Amanollah Khan, Habibollah Kalakâni
After Amir Abdoll Rahman Khan's death in 1901, his son Habibollah Khan inherited his rule. Like his father, he remained a loyal servant of the British.
When Habibollah Khan was assassinated in 1919, his third son Amanollah Khan seized his father's throne. The circumstances behind this assassination were never clarified, but almost all historians suspect Amanollah of being behind the conspiracy.
After his inauguration as Amir of Afghanistan, Amanollah declared Afghanistan independent, triggering the third war against Britain. The outcome was the Treaty of Rawalpindi of 8 August 1919, in which the United Kingdom recognised the full independence of Afghanistan, while Afghanistan recognised the Durand Line between Afghanistan and British India. With this treaty, Amanollah was forced to accept the loss of some Afghan territory to Great Britain. Moreover, the name "Afghanistan" for the state and the country and the designation "Afghan" for all inhabitants of the country were finally validated internationally.
Amanollah's domestic and foreign policies were rife with contradictions.
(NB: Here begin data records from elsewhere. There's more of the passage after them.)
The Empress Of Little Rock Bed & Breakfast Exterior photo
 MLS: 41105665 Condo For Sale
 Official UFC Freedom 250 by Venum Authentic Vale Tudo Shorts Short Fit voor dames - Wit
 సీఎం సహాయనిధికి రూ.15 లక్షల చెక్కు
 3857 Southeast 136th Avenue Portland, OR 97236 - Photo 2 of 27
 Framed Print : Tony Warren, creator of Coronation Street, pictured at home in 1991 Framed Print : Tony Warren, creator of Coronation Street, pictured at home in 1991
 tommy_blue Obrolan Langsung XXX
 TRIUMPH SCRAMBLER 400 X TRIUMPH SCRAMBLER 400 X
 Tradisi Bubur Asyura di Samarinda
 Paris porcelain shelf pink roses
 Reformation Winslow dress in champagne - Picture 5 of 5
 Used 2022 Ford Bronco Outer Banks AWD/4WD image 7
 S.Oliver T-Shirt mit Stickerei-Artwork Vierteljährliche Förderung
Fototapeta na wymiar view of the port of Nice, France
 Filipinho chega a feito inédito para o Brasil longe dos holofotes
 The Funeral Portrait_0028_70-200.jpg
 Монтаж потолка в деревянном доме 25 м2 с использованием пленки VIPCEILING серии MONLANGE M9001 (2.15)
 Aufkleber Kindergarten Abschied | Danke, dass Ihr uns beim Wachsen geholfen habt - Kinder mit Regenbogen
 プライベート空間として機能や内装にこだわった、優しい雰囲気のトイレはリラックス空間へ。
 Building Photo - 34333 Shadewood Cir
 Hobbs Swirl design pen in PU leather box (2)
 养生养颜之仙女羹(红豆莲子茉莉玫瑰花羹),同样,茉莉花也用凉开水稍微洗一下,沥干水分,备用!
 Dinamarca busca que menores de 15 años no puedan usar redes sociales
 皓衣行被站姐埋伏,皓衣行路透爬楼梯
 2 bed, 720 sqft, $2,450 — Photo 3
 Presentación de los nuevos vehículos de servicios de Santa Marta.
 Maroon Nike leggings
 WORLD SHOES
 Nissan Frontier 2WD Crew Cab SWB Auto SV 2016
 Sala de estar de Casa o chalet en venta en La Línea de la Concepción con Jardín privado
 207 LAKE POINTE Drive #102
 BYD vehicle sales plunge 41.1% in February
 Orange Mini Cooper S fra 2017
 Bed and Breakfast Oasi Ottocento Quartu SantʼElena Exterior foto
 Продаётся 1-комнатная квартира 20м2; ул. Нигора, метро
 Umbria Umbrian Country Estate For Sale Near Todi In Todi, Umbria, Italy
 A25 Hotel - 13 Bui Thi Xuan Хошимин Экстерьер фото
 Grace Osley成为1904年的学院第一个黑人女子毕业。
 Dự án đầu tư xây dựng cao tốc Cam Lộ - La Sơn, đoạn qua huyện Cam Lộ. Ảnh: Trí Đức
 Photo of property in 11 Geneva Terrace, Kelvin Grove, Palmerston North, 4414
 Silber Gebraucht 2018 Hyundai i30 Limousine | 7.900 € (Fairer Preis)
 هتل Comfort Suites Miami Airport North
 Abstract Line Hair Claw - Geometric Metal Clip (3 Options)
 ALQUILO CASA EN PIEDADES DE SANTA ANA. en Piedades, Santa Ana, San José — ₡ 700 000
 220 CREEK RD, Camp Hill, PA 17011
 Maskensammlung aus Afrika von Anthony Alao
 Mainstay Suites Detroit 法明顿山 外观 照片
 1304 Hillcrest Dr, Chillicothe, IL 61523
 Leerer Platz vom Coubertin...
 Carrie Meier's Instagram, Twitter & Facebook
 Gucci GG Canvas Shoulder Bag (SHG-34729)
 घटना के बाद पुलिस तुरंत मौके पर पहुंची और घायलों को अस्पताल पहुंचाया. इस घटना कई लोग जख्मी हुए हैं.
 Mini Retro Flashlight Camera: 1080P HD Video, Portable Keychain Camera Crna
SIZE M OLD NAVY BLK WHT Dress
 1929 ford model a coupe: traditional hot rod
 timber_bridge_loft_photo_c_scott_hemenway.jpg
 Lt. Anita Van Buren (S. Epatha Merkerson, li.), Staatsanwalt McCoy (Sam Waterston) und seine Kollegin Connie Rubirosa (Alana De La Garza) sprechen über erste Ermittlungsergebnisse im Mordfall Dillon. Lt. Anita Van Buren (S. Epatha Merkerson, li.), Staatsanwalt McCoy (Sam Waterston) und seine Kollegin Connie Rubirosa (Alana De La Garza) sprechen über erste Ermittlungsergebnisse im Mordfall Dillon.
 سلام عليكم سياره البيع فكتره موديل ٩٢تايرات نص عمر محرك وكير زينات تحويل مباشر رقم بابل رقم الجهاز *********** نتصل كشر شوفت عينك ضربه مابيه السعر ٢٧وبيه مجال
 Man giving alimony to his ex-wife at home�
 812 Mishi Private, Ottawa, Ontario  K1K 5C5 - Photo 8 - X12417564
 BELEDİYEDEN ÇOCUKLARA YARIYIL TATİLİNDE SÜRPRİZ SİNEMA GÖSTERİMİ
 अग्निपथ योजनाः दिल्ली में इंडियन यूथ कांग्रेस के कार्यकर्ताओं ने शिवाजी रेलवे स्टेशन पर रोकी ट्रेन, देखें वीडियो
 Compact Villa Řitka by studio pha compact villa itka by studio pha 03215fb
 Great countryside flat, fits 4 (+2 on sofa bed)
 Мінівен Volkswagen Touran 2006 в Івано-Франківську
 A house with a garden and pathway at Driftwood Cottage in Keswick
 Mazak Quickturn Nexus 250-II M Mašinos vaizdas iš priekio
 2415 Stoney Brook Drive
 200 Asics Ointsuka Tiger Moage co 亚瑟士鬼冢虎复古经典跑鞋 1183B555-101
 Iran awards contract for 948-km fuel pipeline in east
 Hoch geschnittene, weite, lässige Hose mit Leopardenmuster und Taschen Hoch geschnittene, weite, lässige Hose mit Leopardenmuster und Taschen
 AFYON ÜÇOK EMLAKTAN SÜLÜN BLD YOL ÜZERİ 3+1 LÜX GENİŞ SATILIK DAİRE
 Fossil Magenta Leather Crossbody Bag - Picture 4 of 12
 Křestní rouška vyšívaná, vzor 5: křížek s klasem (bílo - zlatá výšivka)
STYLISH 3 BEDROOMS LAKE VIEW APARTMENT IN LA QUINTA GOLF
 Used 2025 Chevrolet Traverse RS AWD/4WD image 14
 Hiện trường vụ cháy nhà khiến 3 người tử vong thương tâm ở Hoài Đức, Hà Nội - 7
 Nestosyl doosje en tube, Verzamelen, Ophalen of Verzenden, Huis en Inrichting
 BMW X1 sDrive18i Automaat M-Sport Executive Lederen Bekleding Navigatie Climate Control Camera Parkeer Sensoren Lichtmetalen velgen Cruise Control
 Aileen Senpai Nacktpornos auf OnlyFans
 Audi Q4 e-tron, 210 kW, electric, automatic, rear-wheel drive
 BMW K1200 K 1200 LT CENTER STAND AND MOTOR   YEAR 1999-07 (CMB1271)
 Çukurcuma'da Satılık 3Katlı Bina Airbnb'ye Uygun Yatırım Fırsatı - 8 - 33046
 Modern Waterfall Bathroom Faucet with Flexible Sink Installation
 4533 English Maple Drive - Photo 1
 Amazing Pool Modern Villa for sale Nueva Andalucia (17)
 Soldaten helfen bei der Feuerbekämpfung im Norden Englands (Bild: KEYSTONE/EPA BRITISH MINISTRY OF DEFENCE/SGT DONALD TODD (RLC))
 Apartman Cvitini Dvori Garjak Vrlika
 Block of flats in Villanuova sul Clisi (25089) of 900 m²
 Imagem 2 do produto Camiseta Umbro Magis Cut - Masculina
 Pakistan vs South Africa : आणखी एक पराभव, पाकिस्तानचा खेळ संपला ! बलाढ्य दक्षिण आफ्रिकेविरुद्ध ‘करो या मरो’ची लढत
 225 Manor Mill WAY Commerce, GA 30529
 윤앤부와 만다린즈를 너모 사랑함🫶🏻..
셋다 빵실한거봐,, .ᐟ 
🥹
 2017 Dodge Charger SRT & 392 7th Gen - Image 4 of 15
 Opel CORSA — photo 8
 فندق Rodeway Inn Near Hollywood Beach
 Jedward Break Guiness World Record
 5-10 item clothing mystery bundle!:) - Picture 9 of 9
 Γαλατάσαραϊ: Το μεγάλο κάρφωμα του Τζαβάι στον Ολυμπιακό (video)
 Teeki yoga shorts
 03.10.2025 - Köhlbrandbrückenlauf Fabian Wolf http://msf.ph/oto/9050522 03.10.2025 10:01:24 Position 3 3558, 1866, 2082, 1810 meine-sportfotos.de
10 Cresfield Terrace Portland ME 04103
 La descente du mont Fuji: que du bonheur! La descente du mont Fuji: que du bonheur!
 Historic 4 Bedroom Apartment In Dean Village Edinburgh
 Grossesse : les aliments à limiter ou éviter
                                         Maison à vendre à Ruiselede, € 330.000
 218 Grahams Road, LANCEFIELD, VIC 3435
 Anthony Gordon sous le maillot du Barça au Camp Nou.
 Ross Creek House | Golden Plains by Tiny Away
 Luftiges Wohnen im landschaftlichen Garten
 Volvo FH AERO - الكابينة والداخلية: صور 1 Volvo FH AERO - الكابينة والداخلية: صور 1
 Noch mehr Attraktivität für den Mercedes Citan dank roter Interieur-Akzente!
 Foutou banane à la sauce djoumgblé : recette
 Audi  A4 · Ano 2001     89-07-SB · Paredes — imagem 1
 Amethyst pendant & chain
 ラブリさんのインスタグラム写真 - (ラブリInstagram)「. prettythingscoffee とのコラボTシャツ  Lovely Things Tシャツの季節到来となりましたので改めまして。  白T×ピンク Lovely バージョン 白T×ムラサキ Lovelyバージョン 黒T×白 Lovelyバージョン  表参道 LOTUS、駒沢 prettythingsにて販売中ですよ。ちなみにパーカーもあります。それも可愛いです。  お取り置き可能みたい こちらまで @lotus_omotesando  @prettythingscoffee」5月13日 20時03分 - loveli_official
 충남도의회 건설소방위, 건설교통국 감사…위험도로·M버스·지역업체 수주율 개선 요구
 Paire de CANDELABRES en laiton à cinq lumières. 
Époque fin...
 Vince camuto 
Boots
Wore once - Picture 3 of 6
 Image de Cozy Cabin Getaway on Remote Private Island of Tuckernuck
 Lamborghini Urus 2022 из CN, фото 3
On the one hand, Amanollah undertook important reforms to modernise Afghanistan along European lines (similar to his contemporaries Atatürk in Turkey and Reza Khan in Iran). He was intent on making up for the country's backwardness in the shortest possible time. He banned slavery and the wearing of the veil for women and launched significant projects to urbanise Afghanistan. Important steps were taken in the field of education. New, modern schools were founded; numerous pupils, both boys and girls, were sent abroad to study and further their education. It was also at this time that Afghanistan received its first constitution. These developments and projects were received with enthusiasm and goodwill by the young, educated and aspiring stratum of the mostly urban population, but met with rejection from the rural population (especially the conservative Pashtuns and particularly the feudal lords), which then manifested itself in the form of uprisings. Moreover, dubious figures from the British Indian Territory were appointed to important offices and functions of the polity. Influential khans and feudal lords, who saw their interests threatened by the new reforms, predictably began to resist... not to mention the clerical class, which was traditionally opposed to any reform or progress. Some Pashtun tribes, who had been exempt from taxes and military service in the past, pursued confrontation with the state when it sought to abolish their tax exemption.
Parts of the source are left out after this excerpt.